A few months back, Michael Sam, an All-American defensive lineman from the University of Missouri, publicly revealed that he's gay. Sams was later drafted by the St. Louis Rams, becoming the first openly gay player drafted by the National Football League.
Recently, Raven Symone, who we first came to know and love as little Olivia on the Cosby show, did something quite courageous. Raven made comments that have been called shocking and that some feel are divisive.
No, I'm not talking about the tweet she famously sent out on August 2, 2013, which all but came right out and said that she was gay. That quote from Twitter said, "I can finally get married! Yay government! So proud of you". The tweet was widely considered to be in reference to the Supreme Court's decision to overturn The Defense of Marriage Act.
As I said, that's not what I'm talking about. Rather, a few days back, in an interview with Oprah Winfrey, Raven made some comments that I think are even more courageous. First, she said that the famous tweet was not her way of "coming out" but rather her way of saying she was proud of her country. OK, that could just be semantics, but what she said next made Oprah jump and yell facetiously, "Stop tape, right now!"
Raven was making a statement about labels when she said that she didn't want to be labeled gay, and explained that she wanted to be labeled a human who loves humans. She went on to say, "I'm an American; I'm not an African American. I'm an American."
Oprah may have been tongue-in-cheek with her shocked reaction to the statements, but I'm sure she was voicing the opinion of some others.
In a day when people are labeled as heroes for coming out with their sexuality and others proclaim their race with a hyphen: Irish-American, African-American, Italian-American; I find it somewhat refreshing to hear someone say that they are just a human and an American. I see Raven's statements as being very freeing and inclusive.

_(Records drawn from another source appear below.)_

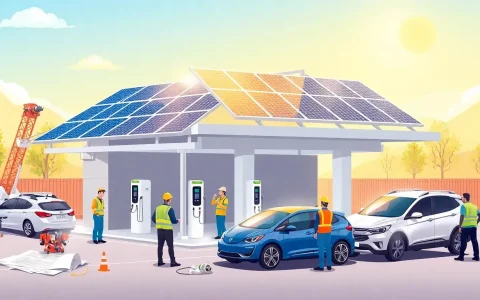 What are the initial costs associated with installing solar panels for EV charging stations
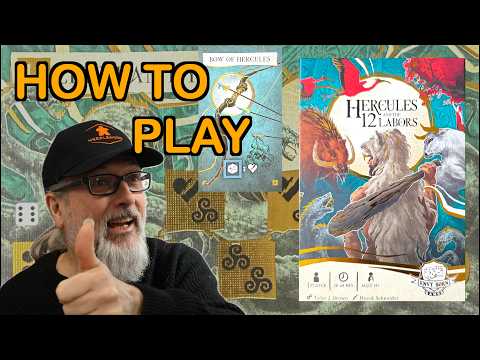 How to Play Hercules and the 12 Labors | A Solo Board Game from Tyler J Brown | Envy Born Games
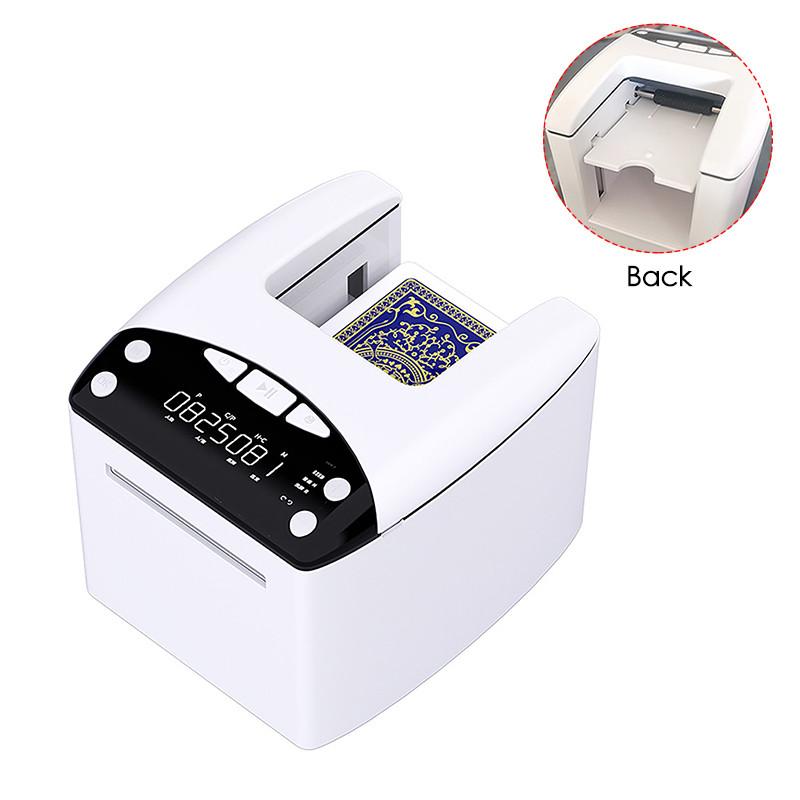 Macchina automatica elettrica ricaricabile da 4000mAh, distributore automatico di carte da gioco, dispensatore di carte da poker, velocità regolabile, strumenti per giochi di poker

People like to label or categorize other people, and that's understandable. Despite what they say, everyone does it. Some people use it as a way to divide others into groups. Us and them. Others, and I would venture to say, perhaps more "evolved" human beings, just use it as a way to know and understand others.
Many of you know that, in my full time job, I work with troubled boys. There are a lot of issues floating around some of these boys at any given time. Some of them have struggled with being gay in a straight world. Believe me, struggled may be an understatement. I've known kids who have been kicked out of their families, even physically attacked at family gatherings, simply for being "different." It breaks my heart. I cannot imagine hating one of my own children for any reason.
I have had friends and relatives of many, if not most, races, religions, beliefs, and sexual orientations. As I have grown as a human being, I have become more open and accepting of these differences and found that most of these people have something valuable to offer to a relationship. I've learned a lot from them, all the way from changing my views on former beliefs, to solidifying others. I heard one of my favorite preachers once say, "If two people agree on everything, one of them is not needed." While I often wish my wife and I agreed on more things, it is our differences that keep our lives interesting.
I challenge you to find a way to embrace, or at least tolerate, the differences in others. After all, you are different too. Or, as Raven Symone might say, "I am different, and that's what makes me normal."